Milestone meeting today. Maiden one as Mayor. Approving our Best Value Improvement Plan. At a tennis centre….Ace! pic.twitter.com/CvefrSy58g
— Joanne Anderson (@MayorLpool) May 19, 2021
VIRTUAL/REALITY…Virtual council meetings were banned earlier this month in one of the stranger decisions the Government has made during the pandemic. Even though virtual meetings have worked brilliantly throughout the last year – and provided a plethora of hilarious grainy skits for our enjoyment, (Handforth Parish Council anyone?) Whitehall has pulled the plug on Zoom meetings. We are all keen to see life return to some semblance of normality but beckoning individuals from all corners of a borough and forcing them to share a room seems a little silly just now. This week, both Salford and Liverpool city councils were forced to find alternative venues for their full council meetings in order to fit everyone in while adhering to social distancing guidelines. Salford plumped for an empty floor within English Cities Fund’s Two New Bailey, while Joanne Anderson introduced her new cabinet at an indoor court at Wavertree Tennis Club. Salford councillor John Warmisham was not pleased about having to leave the house. “Absolutely ridiculous. Bringing more than 60 people together is nonsense,” he said. Hard to argue.
ISSA EMPIRE…The mystery behind fashion retailer Castore’s move from Liverpool to Manchester has been revealed. It turns out Blackburn-based billionaires have taken a stake in the Liverpool-founded company and wanted to be closer to them.

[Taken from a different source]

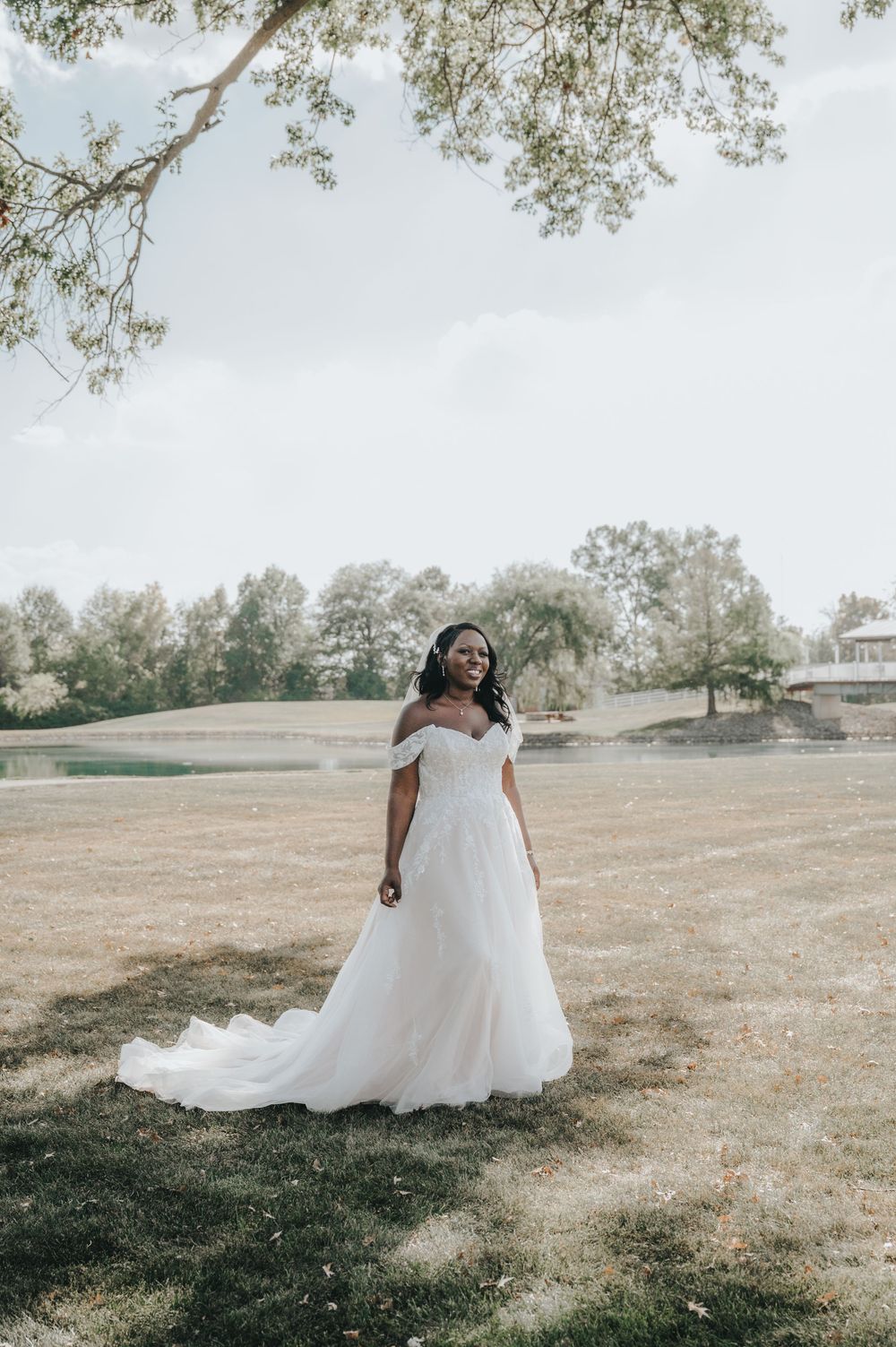 Wedding photography in The Lodge at Red Cedar, Fort Wayne, Indiana.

Castore’s move down the M62 raised eyebrows in Liverpool – “why is an up-and-coming, local firm upping sticks and leaving?!” Sadly for those who waved a mournful goodbye to the sportswear brand, there isn’t much that can halt the Issa brothers’ plan for world domination; in recent months they have acquired restaurant chain Leon and are close to finalising their Asda takeover, subject to approval from the CMA.
PAY-AS-YOU-SLEEP…Bruntwood Works has launched an initiative it hopes will fit in with the more flexible approach to working being taken post-Covid. A pay-as-you-go pass will enable workers to access desks at Blackfriars House, Neo and Bloc, from £3 an hour or £12 a day. At Bloc, due to open to PAYG customers next month, there is even a sleep pod for when the prospect of deadlines becomes overwhelming. A nap during working hours seems like money well spent.
NAME GAMES…There was a healthy dose of nominative determinism on display as RHS Garden Bridgewater opened its doors for the first time. Keith Weed, president of the Royal Horticultural Society and Richard Green, the head of the Salford project, were on hand to extoll the virtues of the flowery £35m attraction.
BIG SCREEN…Missed the cinema but don’t want to fork out a million quid for a plastic hotdog and an oversized fizzy drink? Cinema in the City, due to launch in Liverpool in June, could provide the solution you have been looking for. In a series of events, films will be screened at hidden locations across the city. The first venue is Cotton Exchange Rooftop Garden, which will host screenings of Ross Brothers’ Bloody Nose, Empty Pockets and the BAFTA-nominated Ammonite, starring Kate Winslet. As well as the films, Cinema in the City will bring together food and drink stalls from some of the city’s most loved restaurants, including Middle Eastern food wizards Maray. The whole thing is being organised by arts powerhouse FACT Liverpool.